Mission Control Agent

The Mission Control Agent is required to deploy and manage PubSub+ Cloud event broker services. The Mission Control Agent performs these functions:

  • Managing the lifecycle and configuration of event broker services in the deployment, including creation, deletion, updates, and configuration options on all event broker services in the data center

  • Gathering system-level diagnostic information of the event broker services to send to the PubSub+ Home Cloud to allow for rapid response to address any issues. The information is provided solely to help with the recovery of event broker services. For more information, see Information Exchanged Between the PubSub+ Home Cloud and the Mission Control Agent

  • Managing the lifecycle of the monitoring agents, which send metrics and monitoring data from event broker service to the central monitoring service. This is required for event broker services to be monitored and necessary for PubSub+ Cloud to function. For more information, see Information Exchanged Between the Mission Control Agent and the Centralized Monitoring Service.

The Mission Control Agent resides in the same network where the event broker services are deployed. In the following architecture diagram, the red box highlights the Mission Control Agent.

Diagram of the Cloud architecture that highlights the Mission Control Agent.

The security measures applied to communication between the Mission Control Agent and the PubSub+ Home Cloud include:

  • The Mission Control Agent always initiates the connection to the Home Cloud. It does not listen, nor accept incoming connections.

  • The Mission Control Agent never transmits any messaging data, schema information, or personal account information.

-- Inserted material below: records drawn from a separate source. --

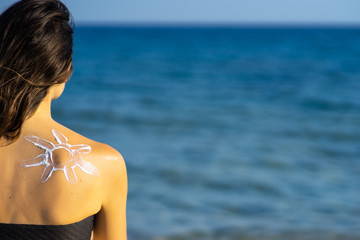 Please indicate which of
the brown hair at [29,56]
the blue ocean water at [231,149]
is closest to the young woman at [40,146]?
the brown hair at [29,56]

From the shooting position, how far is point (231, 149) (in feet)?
25.2

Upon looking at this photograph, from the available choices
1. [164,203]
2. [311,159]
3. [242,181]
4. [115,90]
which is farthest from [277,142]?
[115,90]

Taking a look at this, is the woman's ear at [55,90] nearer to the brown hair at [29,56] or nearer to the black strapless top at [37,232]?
the brown hair at [29,56]

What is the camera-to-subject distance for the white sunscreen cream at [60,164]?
4.64 feet

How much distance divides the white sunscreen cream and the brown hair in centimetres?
9

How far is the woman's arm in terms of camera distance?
1493mm

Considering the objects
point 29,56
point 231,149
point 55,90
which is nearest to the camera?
point 29,56

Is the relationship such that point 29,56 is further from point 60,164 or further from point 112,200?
point 112,200

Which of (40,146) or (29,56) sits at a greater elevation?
(29,56)

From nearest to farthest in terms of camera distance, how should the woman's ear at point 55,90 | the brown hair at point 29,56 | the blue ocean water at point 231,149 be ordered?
the brown hair at point 29,56
the woman's ear at point 55,90
the blue ocean water at point 231,149

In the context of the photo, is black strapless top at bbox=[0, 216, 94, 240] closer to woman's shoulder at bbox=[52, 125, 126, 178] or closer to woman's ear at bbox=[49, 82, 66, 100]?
woman's shoulder at bbox=[52, 125, 126, 178]

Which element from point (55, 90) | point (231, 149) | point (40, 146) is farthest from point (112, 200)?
point (231, 149)

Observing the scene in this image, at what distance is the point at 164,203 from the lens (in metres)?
5.30

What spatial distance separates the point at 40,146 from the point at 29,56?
0.94ft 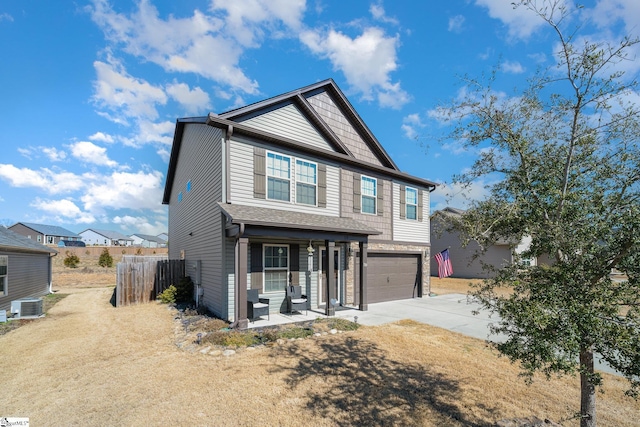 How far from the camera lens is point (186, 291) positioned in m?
12.2

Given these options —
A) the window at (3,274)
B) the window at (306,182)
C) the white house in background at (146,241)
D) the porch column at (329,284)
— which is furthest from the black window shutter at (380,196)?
the white house in background at (146,241)

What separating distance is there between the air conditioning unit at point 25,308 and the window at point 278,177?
8808mm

  • The Mission Control Agent receives management data, consisting of configuration information for the event broker services, and sends only metadata related to orchestrating an event broker service and monitoring data related to system-level checks on the event broker service components. For more information about the data shared, see Information Exchanged Between the PubSub+ Home Cloud and the Mission Control Agent

  • The data exchanged between the Mission Control Agent consists of information collected only from the event broker services that the Mission Control Agent manages.

  • The Mission Control Agent authenticates with the Home Cloud, allowing it to connect securely to exchange information. The Mission Control Agent does not require a public IP address.

  • The information sent between the Mission Control Agent and the Home Cloud is encrypted and can't be read by the cloud service providers (Amazon, Google, or Microsoft).

The Mission Control Agent requires a minimal number of permissions to run within the customer's network to manage the lifcycle and configuration of event broker services.

For more information about Mission Control Agent security, see the following sections:

Mission Control Agent Installation

During installation, the Mission Control Agent is bootstrapped with the configuration it needs to manage event broker services in the customer's environment. This configuration includes:

  • for private cloud deployments:
    • restricted IaaS credentials for the customer's virtual network or VPC
    • IaaS infrastructure details, such as the names of the virtual network or VPC and subnets
    • SSH Key Pair (.pem file) used to configure cloud instances or virtual machines for event broker services
  • for Kubernetes deployments:
    • the data center ID and target namespace
    • restricted service account credentials. This service-account is bound to a custom role with the minimum necessary permissions, which is scoped to the target namespace.
    • infrastructure details, such as the names of the primary, backup, and monitoring zones, configuration details for Datadog, and storage and load balancer parameters

Additionally, the customer data center is registered with the Home Cloud and is locked to the customer account.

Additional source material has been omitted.